Through the study of a number of fundamental flows (such as laminar and turbulent pipe flow), we can unravel the physical mechanisms piece-by-piece. The main goal is to be able to predict the average effect of the countless particles, rather than their individual contributions. With this approach, we can formulate accurate, but efficient models. After validation, these can be used to address the numerous challenges in the field of multiphase flows from society.
Three benchmark flows were selected to simultaneously further develop the measurement techniques, as well as investigate the physics of the flows.

The first benchmark flow is particle-laden pipe flow, with a focus on the transition to turbulence. In a 1-cm diameter pipe, we demonstrated that the transition to turbulence of a particle-laden flow can follow a completely different scenario compared to single-phase flow. Beyond a volume fraction around 14-15%, we observe that the classical scenario (featuring puffs, leading to an intermittent flow) is replaced by a transition where the entire gradually flow becomes turbulent. This discovery was published in Physical Review Letters (Hogendoorn and Poelma, 2018). This result could only be obtained through the use of ultrasound imaging velocimetry, a non-optical flow measurement technique further refined in this ERC project. This measurement technique was also extended to very high frame rates, which improves the accuracy of turbulence statistics (Hogendoorn and Poelma, Int. Symp on Particle Image Velocimetry 2019). Currently, a PhD and a postdoc are investigating the role of particle size and volume fraction on the structure of transitional flow. They combine pressure measurements, optical flow measurement (for dilute cases) and ultrasound-based flow measurements. A manuscript is in preparation detailing the change in flow structure for various particle sizes. A second pipe flow facility was used to study the inertial migration. After confirming some reference cases, we found unique behaviour for relatively large particles (larger than 1/10 of the pipe diameter). This is currently being investigated in detail to try to clarify the underlying physics.

The second benchmark is particle-laden Taylor-Couette flow. We investigated the role of particle concentration on the transition between (low-order) transitions (Couette flow to Taylor Vortex flow, etc.). A combination of torque measurement, (optical) flow visualisation and ultrasound-based velocimetry provides a very detailed insight in these flow. Apart from a different critical Reynolds number for the transition (as compared to single-phase flow), we observe a number of new remarkable features. Some of these were also very recently reported by others, but some are news - e.g. persistent azimuthal structures that have not been reported before. Preliminary work was presented (Dash and Poelma, Int. Symp. on Particle Image Velocimetry 2019) and a manuscript is in preparation.
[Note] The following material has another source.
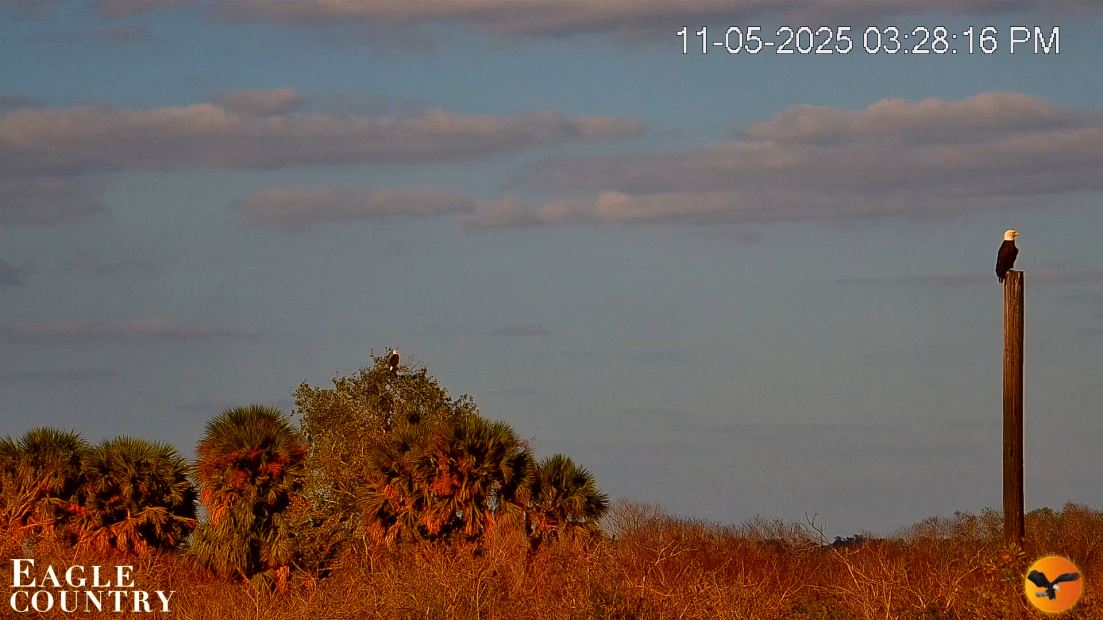 Southwest Florida River Wildlife Live Cams Snapsho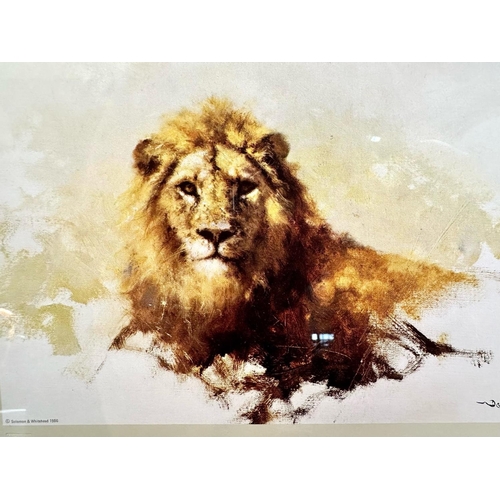 976 - David Shepherd - Set of Four Signed Limited Edition Prints, including Lion's Head, Tiger's Head, Lio...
For the third benchmark, we chose partial cavitation in a venturi. Originally part of a Marie Curie ITN project, this flow is a perfect candidate for the multi-modal approach that is at the heart of this ERC project. We observed the cavitation process using high-speed imaging (Jahangir et al., 2018), particle image velocimetry, magnetic resonance velocimetry (John et al., APS-DFD 2019; Exp. Fluids 2020) and X-ray computed tomography (Jahangir et al., Int. J. Multiphase Flow 2019). This approach also brought to light that a common strategy of estimating the local void fraction using optical techniques is not reliable (Dash et al., Meas. Science & Tech., 2018). The combined data set (mean velocities, mean local void fraction) is hosted by the 4TU Data Centre and freely available; it is already being used to validate numerical simulations.
For all three benchmarks, we intend to continue with more detailed studies. The particle-laden pipe flow will be tested using magnetic resonance velocimetry, as complimentary information to the ultrasound data. High-resolution PIV will be used to investigate the mechanics of partial cavitation in the near-wall region of the venturi (as this cannot be resolved using magnetic resonance velocimetry or ultrasound).